Directions
From the records below, set down exactly the lines starting with the line that contains "Máy Thổi Khí Turbo (Turbo" and going on through the line that contains "通过球迷调查优化服务质量提升球队整体体验与满意度". Nothing else is wanted.

Short text fragments from websites
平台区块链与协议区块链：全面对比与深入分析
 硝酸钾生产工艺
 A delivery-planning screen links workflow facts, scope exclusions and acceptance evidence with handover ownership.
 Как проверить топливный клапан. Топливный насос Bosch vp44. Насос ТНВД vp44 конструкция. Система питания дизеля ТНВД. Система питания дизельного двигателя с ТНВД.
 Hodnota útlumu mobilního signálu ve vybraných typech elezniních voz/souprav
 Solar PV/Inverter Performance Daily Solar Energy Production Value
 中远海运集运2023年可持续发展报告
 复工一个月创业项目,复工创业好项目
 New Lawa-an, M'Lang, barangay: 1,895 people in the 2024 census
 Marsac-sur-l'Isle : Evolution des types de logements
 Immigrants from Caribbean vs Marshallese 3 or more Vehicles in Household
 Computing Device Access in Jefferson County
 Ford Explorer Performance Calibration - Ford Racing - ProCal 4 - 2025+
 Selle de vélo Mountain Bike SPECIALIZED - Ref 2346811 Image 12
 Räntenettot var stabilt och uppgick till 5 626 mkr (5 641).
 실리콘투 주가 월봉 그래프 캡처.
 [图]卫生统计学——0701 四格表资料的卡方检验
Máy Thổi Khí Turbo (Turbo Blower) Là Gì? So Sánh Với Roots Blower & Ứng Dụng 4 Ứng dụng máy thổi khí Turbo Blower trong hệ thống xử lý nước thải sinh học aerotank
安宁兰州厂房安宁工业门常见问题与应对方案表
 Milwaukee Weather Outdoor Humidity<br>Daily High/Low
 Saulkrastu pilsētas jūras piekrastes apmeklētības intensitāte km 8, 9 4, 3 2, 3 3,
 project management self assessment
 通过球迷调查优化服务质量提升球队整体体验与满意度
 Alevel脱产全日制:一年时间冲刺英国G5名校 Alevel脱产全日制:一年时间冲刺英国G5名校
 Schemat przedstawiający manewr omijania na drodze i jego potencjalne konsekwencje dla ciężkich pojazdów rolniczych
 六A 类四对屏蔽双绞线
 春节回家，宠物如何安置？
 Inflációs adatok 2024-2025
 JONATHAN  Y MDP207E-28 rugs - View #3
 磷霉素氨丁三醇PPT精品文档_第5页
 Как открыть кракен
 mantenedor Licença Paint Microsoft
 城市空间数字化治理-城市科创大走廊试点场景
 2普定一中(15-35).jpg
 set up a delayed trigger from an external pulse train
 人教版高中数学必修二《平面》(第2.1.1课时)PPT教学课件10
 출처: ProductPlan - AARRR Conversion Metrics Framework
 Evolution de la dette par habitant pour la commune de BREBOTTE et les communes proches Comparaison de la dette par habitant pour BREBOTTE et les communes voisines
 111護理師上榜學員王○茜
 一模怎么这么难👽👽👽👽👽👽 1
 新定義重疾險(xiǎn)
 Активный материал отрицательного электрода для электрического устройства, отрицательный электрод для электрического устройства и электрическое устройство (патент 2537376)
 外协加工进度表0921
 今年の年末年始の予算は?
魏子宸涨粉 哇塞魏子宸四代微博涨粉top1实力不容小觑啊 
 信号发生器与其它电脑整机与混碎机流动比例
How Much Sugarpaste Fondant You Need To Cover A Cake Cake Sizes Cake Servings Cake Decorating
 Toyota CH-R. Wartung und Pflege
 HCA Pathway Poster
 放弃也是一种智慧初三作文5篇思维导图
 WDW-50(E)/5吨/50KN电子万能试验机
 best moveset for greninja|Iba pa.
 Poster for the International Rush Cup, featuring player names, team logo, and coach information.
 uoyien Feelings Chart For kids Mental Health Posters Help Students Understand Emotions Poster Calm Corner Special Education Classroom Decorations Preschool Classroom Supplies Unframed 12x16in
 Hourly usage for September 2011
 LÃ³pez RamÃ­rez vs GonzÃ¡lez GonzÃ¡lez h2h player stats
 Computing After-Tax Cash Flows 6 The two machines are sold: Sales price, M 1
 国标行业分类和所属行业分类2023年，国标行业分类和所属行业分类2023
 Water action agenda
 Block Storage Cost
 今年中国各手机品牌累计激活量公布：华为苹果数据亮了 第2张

Written answer
Máy Thổi Khí Turbo (Turbo Blower) Là Gì? So Sánh Với Roots Blower & Ứng Dụng 4 Ứng dụng máy thổi khí Turbo Blower trong hệ thống xử lý nước thải sinh học aerotank
安宁兰州厂房安宁工业门常见问题与应对方案表
 Milwaukee Weather Outdoor Humidity<br>Daily High/Low
 Saulkrastu pilsētas jūras piekrastes apmeklētības intensitāte km 8, 9 4, 3 2, 3 3,
 project management self assessment
 通过球迷调查优化服务质量提升球队整体体验与满意度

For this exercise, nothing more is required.